We found school districts are facing a mounting pile of lawsuits alleging officials are failing to properly address incidents of alleged sexual violence among students. Those students and families say school officials are too slow to respond – failing to follow or put in place adequate rules and procedures, while lacking trained and independent investigators.

And we found that when schools discipline students for sexual assault – Black and Hispanic students are disciplined at much higher rates than white students.

GROPING IN WOBURN

“It definitely killed us,” Kevin Coucelos said. “No parent should go through that.”

Woburn father Kevin Coucelos said he remembers the day his son revealed the September 2021 attack in his high school locker room at Woburn Memorial High School.

“That he was sexually assaulted and jumped in the locker room and there was video,” Coucelos told Investigative Reporter and Anchor Kerry Kavanaugh.

His son was 14 at the time of the group assault after a football game.

He was punched, slapped and groped.

According to legal filings in the boys’ parents’ ongoing federal lawsuit, the son immediately told his assistant coach – but the school took no action.

“Doe immediately reported to… an assistant coach, ‘that he was just jumped and assaulted in the locker room,’ but no action was taken,” reads a Nov. 27 reply filed by lawyers for Woburn city and school officials.

The parents reported the incident to the police over two weeks later – after their son disclosed the incident to them.

“The next day, we sat down with the principal and the first words she said to me, my wife: ‘Why did you go to a police station? You should come to me directly,’” he said.

Coucelos said his son, who is Hispanic, feels discouraged and upset that the alleged perpetrator – who is white – was allowed to keep playing and allegedly ended up getting more football playing time than him.

And he said his son faced physical attacks, threats, intimidation, and cyber-harassment in the weeks following the attack.

Coucelos said: “He goes, ‘Dad, they failed me. They failed me bad.’”

Five football players were charged with the locker room pummeling, including one who faces an additional charge of indecent assault and battery for allegedly groping the then freshman. Two others were charged with attacking him in a separate incident.

His son ended up transferring to a different school in February 2022, according to the lawsuit.

The principal of another Woburn school investigated the September attack and found the conduct was both severe and offensive, per legal filings.

But lawyers for the city of Woburn and its school district are fighting the Coucelos’ lawsuit by arguing that the conduct was not “pervasive” and “conscience-shocking” enough to violate federal law.

Woburn Public Schools officials have not responded to 25 Investigates’ emailed questions about this lawsuit.

OVER 660 STUDENTS DISCIPLINED FOR SEXUAL ASSAULT

For months, 25 Investigates has been working to uncover the scope of sexual assault in Massachusetts public schools and how schools address allegations.

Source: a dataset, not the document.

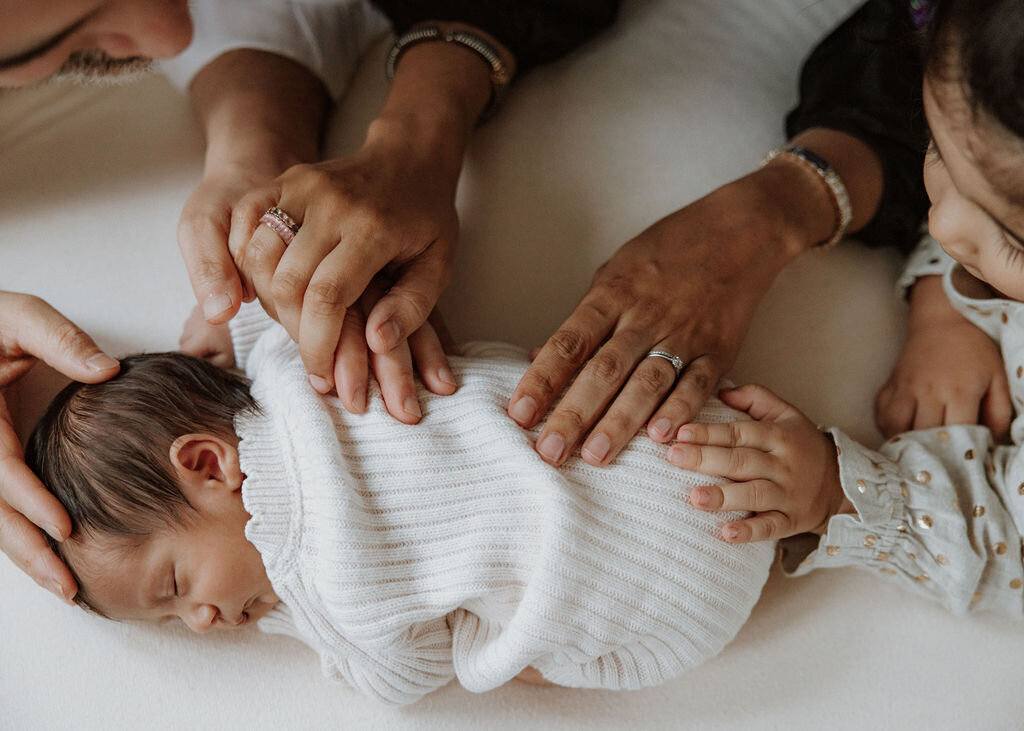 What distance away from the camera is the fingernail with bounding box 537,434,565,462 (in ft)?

We found a total of 666 public school students disciplined for sexual assault – including rape – by schools across Massachusetts from 2013 to 2022.

That’s according to 25 Investigates analysis of a little-known dataset from the Department of Elementary and Secondary Education.

That means an average of nearly 67 students are disciplined for sexual assault each year.

That’s a tiny fraction of the roughly 900,000 public school students enrolled in about 1,800 schools statewide.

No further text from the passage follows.